For households, the Commission is proposing to impose fixed price contracts on all energy suppliers with more than 20,000 private customers, whereas these contracts are not compulsory in the EU and no longer apply in a number of States, notably in Belgium. These fixed-rate contracts would be for a minimum of one year. Consumers would also have the option of taking out – or keeping – variable price contracts. In particular to recharge the battery of their electric car or operate their heat pump at night.

Drawing lessons from last year’s bankruptcies, Member States will also be asked to designate suppliers of last resort so that no consumer is left without electricity if their supplier goes out of business. Finally, in the event of runaway prices and if Brussels does indeed give the green light, EU governments would be authorized to reduce consumers’ bills.

The reform plans, at the same time, to reduce the bill for companies, in particular SMEs, by allowing them to conclude electricity purchase contracts, providing for a very long-term price. Over 5, 10 or 15 years. “It’s aboutsummarizes an energy market specialist,to distance the fluctuations of fossil fuels. Currently, only very large companies have access to this type of contract, suppliers being more reluctant to tie up with smaller companies whose long-term viability they do not necessarily measure. To overcome this difficulty, Member States would be required to put in place instruments – guarantee scheme or public support for the contract to purchase non-fossil fuels. Objective: to cover the risk of default by the buyer.

Nuclear preserved

To lower bills in the medium and long term while reducing CO emissions2, Brussels intends above all to strengthen investment in renewable or low-carbon energies – including nuclear. The Commission thus proposes to develop energy communities. Thus, an individual who has installed solar panels would now have the possibility of reselling the energy produced to his neighbours, his family or other consumers, and not to his supplier. Not enough to revolutionize the market, but this measure could still encourage households to invest in this type of equipment.
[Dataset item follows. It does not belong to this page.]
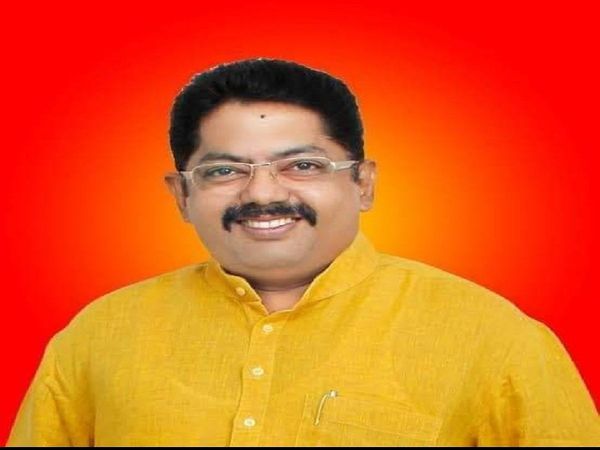 Maharashtra Shiv Sena MLA from Andheri East Ramesh Latke passes away due to a heart attack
It is above all a question of developing contracts for difference (CFDs, in English). Concluded with a public entity, this contract would allow the energy supplier who has made an investment to secure it thanks to guaranteed income over the long term regardless of the evolution of the market price. These contracts, which already exist, provide for floors and ceilings. If the price of electricity is lower than the floor price, the difference is compensated for the supplier. When the market price is above the ceiling, the overpayment would then be redistributed to all consumers. France has obtained that these CFDs also cover the investments necessary for the extension of nuclear power plants. “Nuclear power is included in this reform, which was essential for France “, welcomed the Minister of the Economy, Bruno Le Maire, who wants to see it implemented by the end of the year. The ball is now in the court of the European Council and Parliament.